What do you get to choose?

It's too easy to say that you cannot choose what happens to you, but you can choose how you respond. That turns choice into a consolation prize. We think we "have to" choose instead of we "can choose!"

We get to choose our actions and reactions without being fully aware of how they will make change in the world. That sounds dangerous, and it is. But it is also the seed of optimism. No matter what happens to us and around us, there are choices we can make. 


Identifying the choices that you have the ability and resources to make pushes you to be more self-aware: more aware of the feelings, perceptions, biases, memories and hopes that combine to keep  you moving. Self-awareness is fundamental to both feeling better and having better influence on others. When life knocks you down, you look up and say "so what can I do next?" You can change your mind, your communication, your actions. You can begin with an impulse or an inventory.
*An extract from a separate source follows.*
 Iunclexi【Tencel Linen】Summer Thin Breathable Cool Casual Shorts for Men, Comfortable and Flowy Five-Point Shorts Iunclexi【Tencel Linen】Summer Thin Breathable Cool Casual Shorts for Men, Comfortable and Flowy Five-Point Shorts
The impulse feels better: it's the result of pattern-recognition in your brain. When this happens, respond this way. It's fast. There is no long inner discussion. You move and then you feel more capable of movement. 

If we don't have an impulse, or don't trust it, we need to make a deliberate choice. That always feels hard because our brains like to conserve energy by doing what we've always done. But hard does not mean bad. Hard means opening up a new possibility. 

At the heart of every choice is a single choice: do I wait or do I make change happen? And that choice is always available. You might not be able to change your circumstances directly. You might have to start with making choices about your own values and feelings and responses. But if you can imagine even one person on the planet being in your circumstances and handling them differently (not better, just differently), then you have admitted there is a choice.

The world is unpredictable, so you don't always know what the consequences of your choices will be (even if that choice is to not make a choice). So your choice will often be this: "Would I rather live in a world where I can value even the small choices I can make in me or would I rather be stuck in a world where nothing I can do will make a difference?" 

We spin when we look outside to ask "what choice do I have?" We gain traction when we look inside and ask instead "what strengths or values can I uncover in myself that will be useful now?"